:: Problem requirements ::
From the line containing "Продаж на аукціоні" through the end of the entries, please repeat every line exactly and nothing more; the pictures do not belong in the copy.
======== Material to process ========
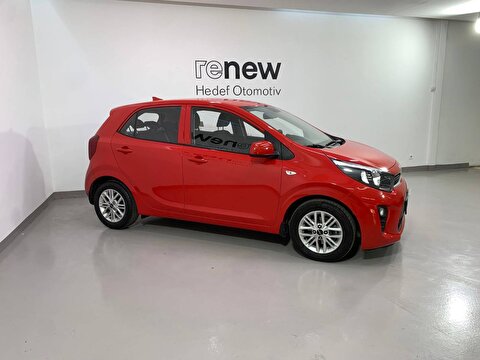 kia, picanto, hatchback 1.0 mpı feel otomatik, otomatik, benzin 2.el otomobil | renew 20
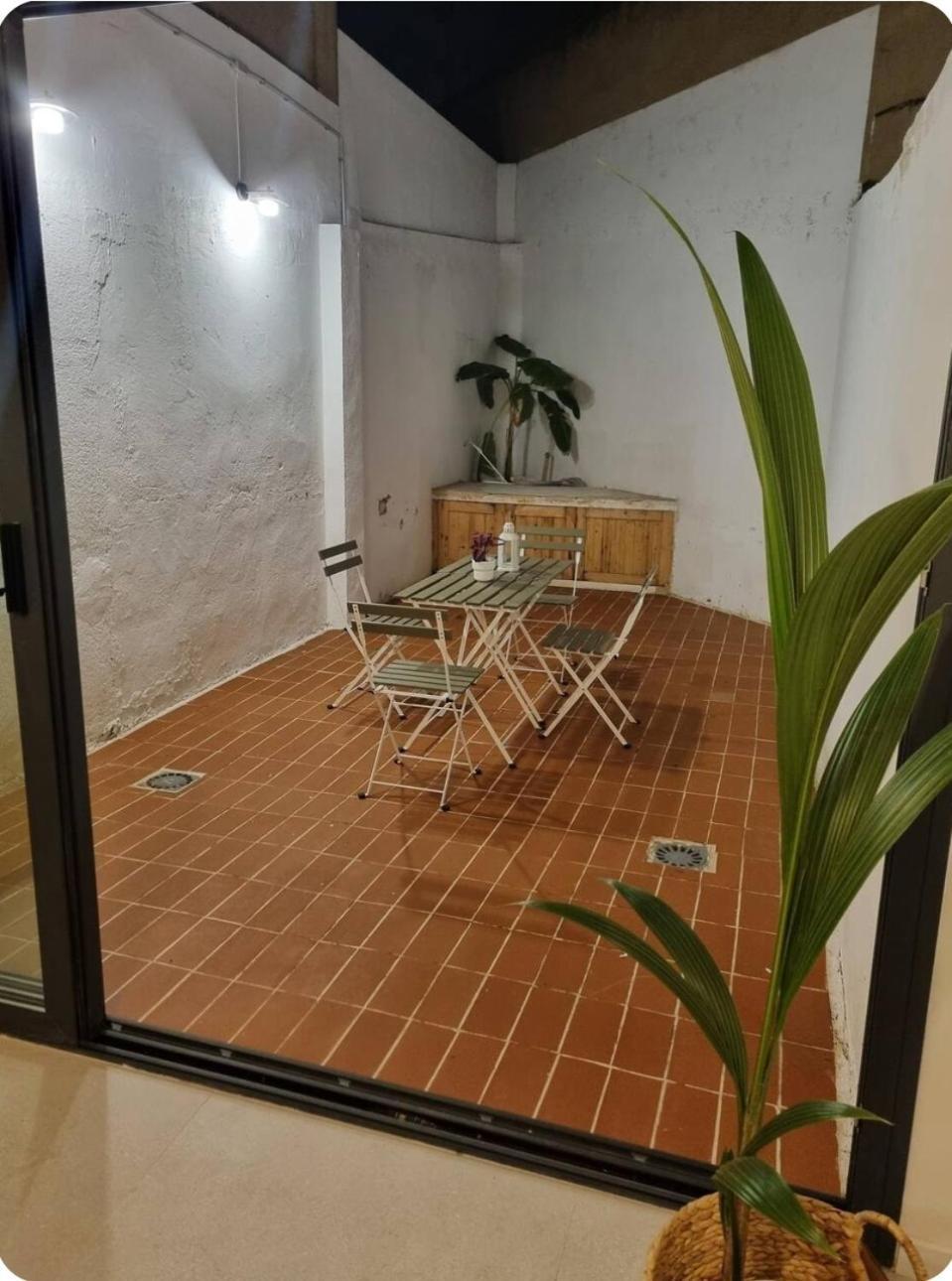 Loft Taronja Ruzafa-Parque Central Valencia Eksteriør billede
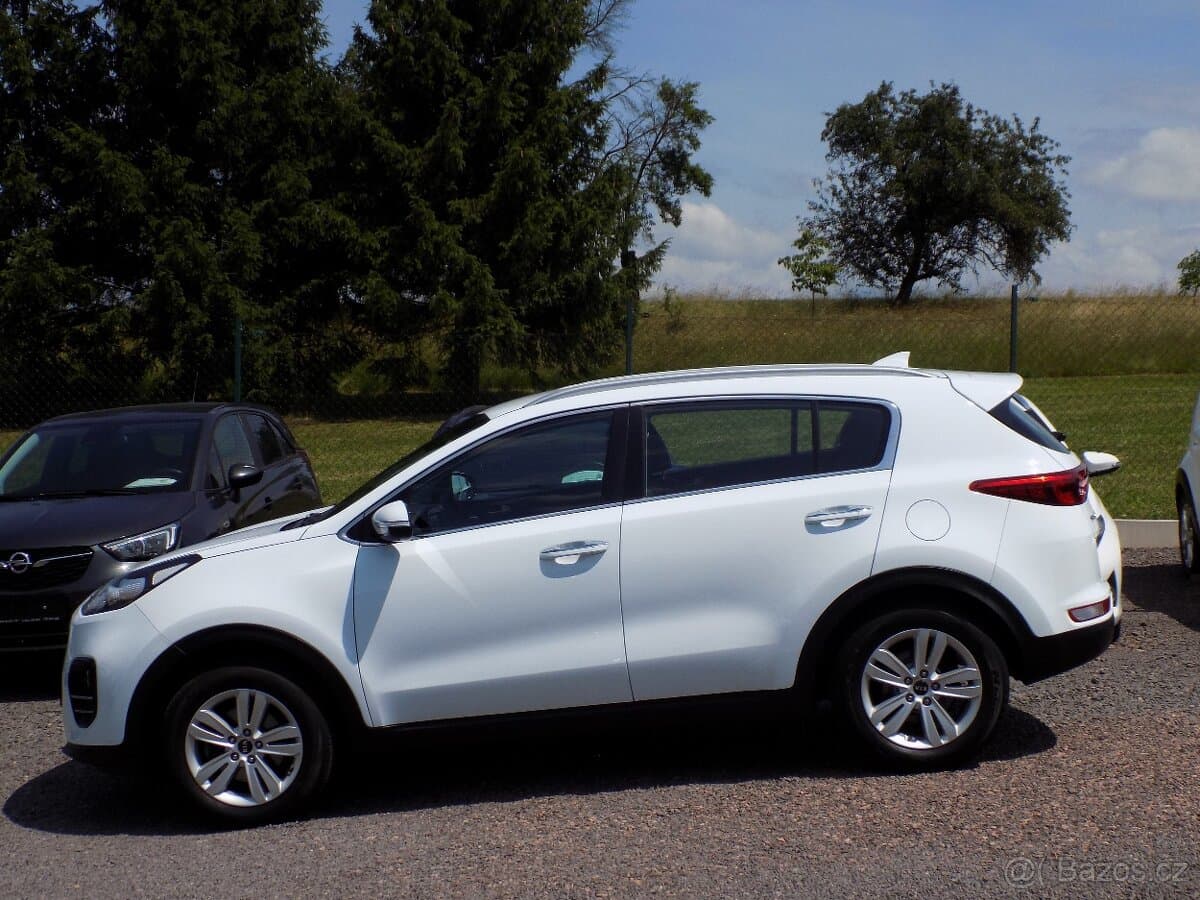 2016 Kia SPORTAGE - 8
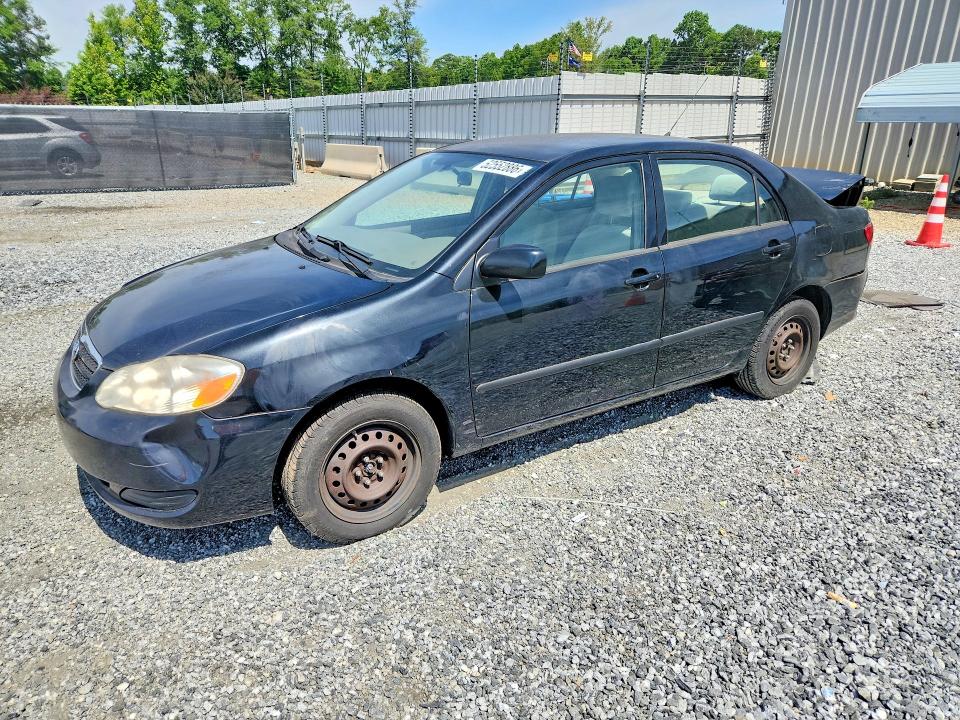 Продаж на аукціоні авто 2008 Toyota Corolla, vin: 1NXBR32E88Z979405, номер лоту: 52552886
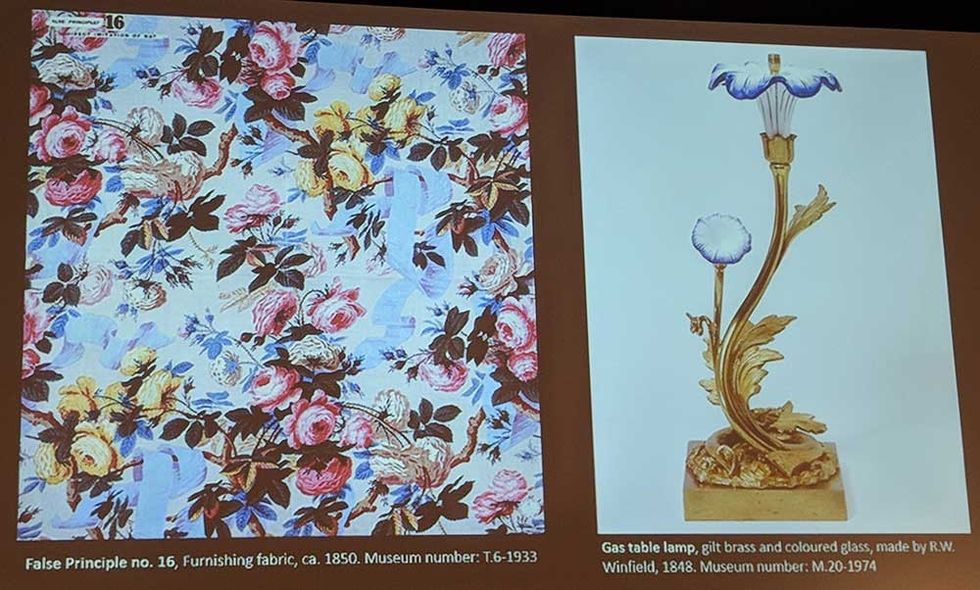 V&A Tristram Hunt RAMM Exeter Chamber of Horrors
========
:: Answer section ::
 Продаж на аукціоні авто 2008 Toyota Corolla, vin: 1NXBR32E88Z979405, номер лоту: 52552886
 V&A Tristram Hunt RAMM Exeter Chamber of Horrors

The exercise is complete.